■ Task instructions: Leaving out the images, please reproduce each line below exactly.

■ Source data:
───
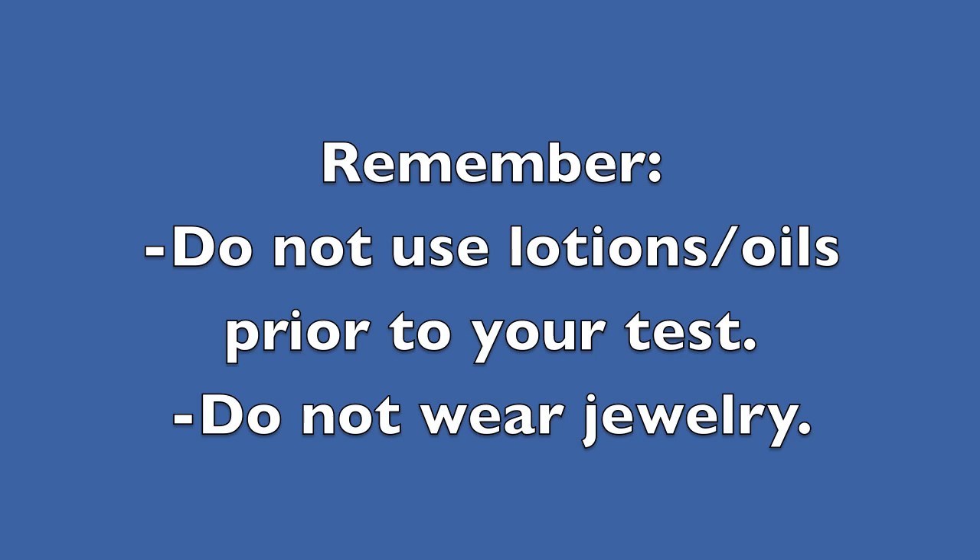Please remember, do not use lotions or oils prior to your test and do not wear any jewelry to your examination.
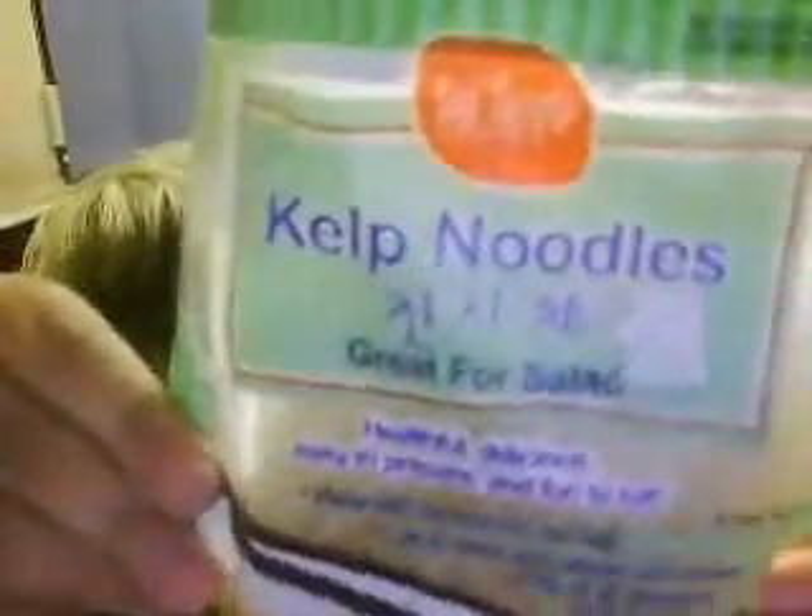These are kelp noodles. I reckon these get a bit of a bad rap — people talk about them being a bit too crunchy and they don't taste very good. But I reckon I've come up with a bit of a solution. I can make them not so crunchy, and what we make is like a stir fry sort of gingery chilli. So I thought I would show you what we do with our kelp noodles tonight for dinner.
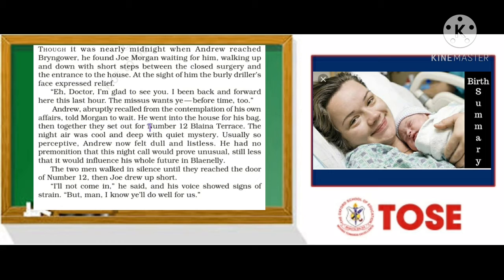When Joe saw the doctor, his face expressed relief. 'Burly' means a very strong, heavy person, and a 'driller' is a person who does drilling — so Joe, a burly driller, showed relief when he saw the doctor arrive.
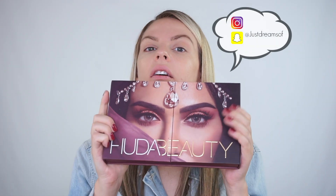Hey guys, so I have a different setup right now. I'm going to go ahead and do the Huda Beauty eyeshadow palette — the Desert Dusk.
───
■ Answer space:
Please remember, do not use lotions or oils prior to your test and do not wear any jewelry to your examination.
These are kelp noodles. I reckon these get a bit of a bad rap — people talk about them being a bit too crunchy and they don't taste very good. But I reckon I've come up with a bit of a solution. I can make them not so crunchy, and what we make is like a stir fry sort of gingery chilli. So I thought I would show you what we do with our kelp noodles tonight for dinner.
When Joe saw the doctor, his face expressed relief. 'Burly' means a very strong, heavy person, and a 'driller' is a person who does drilling — so Joe, a burly driller, showed relief when he saw the doctor arrive.
Hey guys, so I have a different setup right now. I'm going to go ahead and do the Huda Beauty eyeshadow palette — the Desert Dusk.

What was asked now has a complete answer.